Puerto Candelaria –en sus dos primeros discos- reveló una lectura en clave humorística del abigarrado universo andino, mientras Inguna Quinteto se ha inclinado por la acrobacia progresiva. Se destacan, también, Juan Andrés Ospina y Carrera Quinta Big Band con sofisticadas creaciones para gran formato y, especialmente, el pianista sangileño Juan Pablo Cediel.

Luego de una temporada vibrante en la escena musical santandereana junto al Barbero del Socorro y Velandia y la Tigra, Cediel empacó maletas y se fue a vivir a Barcelona en el año 2009. Allí compuso una pieza titulada originalmente “Despedida”. La nostalgia, mezclada con el vértigo de la expectativa, fluyen en un bambuco melancólico en el que se destaca la sutileza de la base rítmica conformada por David González en el contrabajo y Jacobo Álvarez en la batería. La que después fue titulada “Autorretrato”, es la composición que abre Ambivalencia (Masai, 2017), su tercera grabación.

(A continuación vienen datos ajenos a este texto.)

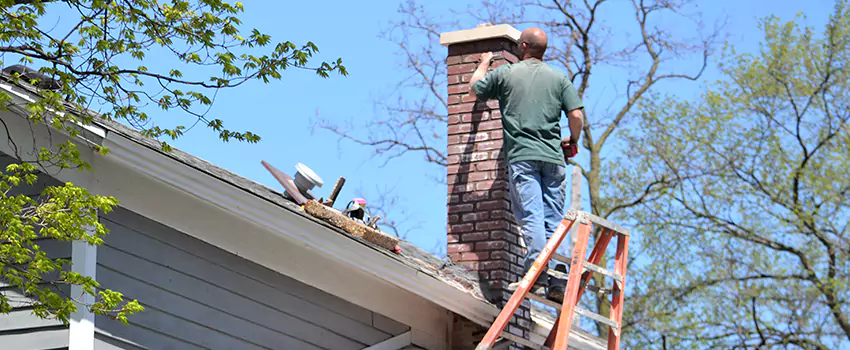 himney Crown Repair in Montreal, Quebec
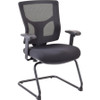 Lorell Conjure Sled Base Guest Chair LLR62009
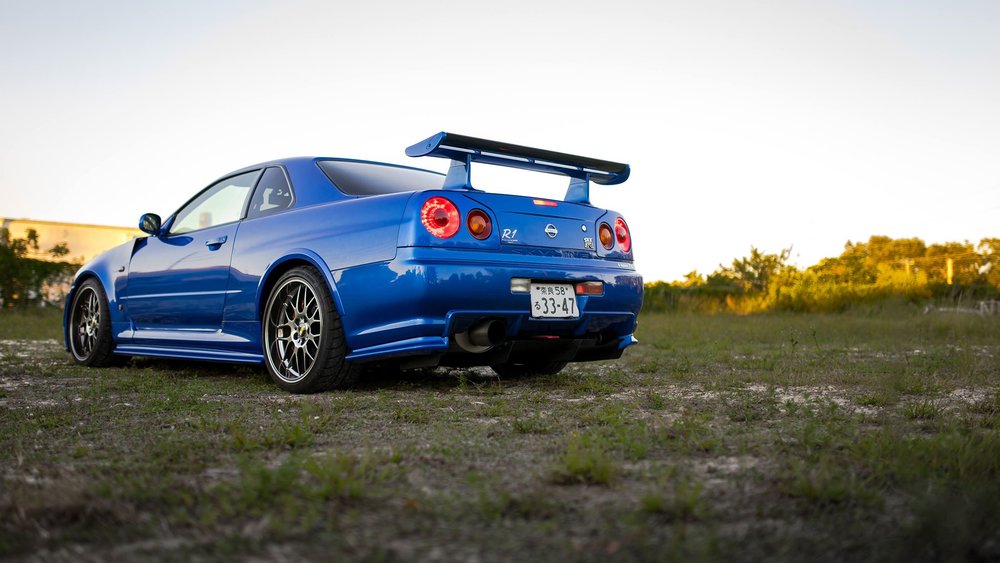 R34 GTT - GTR Style S-Tune Wide Body Kit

Nuestro recuento culmina en Barcelona, ciudad en la que vive el contrabajista villavicense Juan Pablo Balcázar. Su búsqueda estética –que bebe tanto del rock y el cancionero popular latinoamericano como del hip hop y el jazz- se ha traducido en once discos como líder. Chiva Quartet (Underpool, 2018), el más reciente de su provechosa cosecha, se concentra en algunas piezas emblemáticas del repertorio andino como “Gloria Beatriz” de León Cardona, “Camino de pozo azul” de José A. Morales, “Maestro Nicanor” de Oriol Rangel y “Vuela más que el viento”, el reconocido bambuco de Jesús A. Rey, que en manos de Balcázar suena renovado y alegre. Diferente.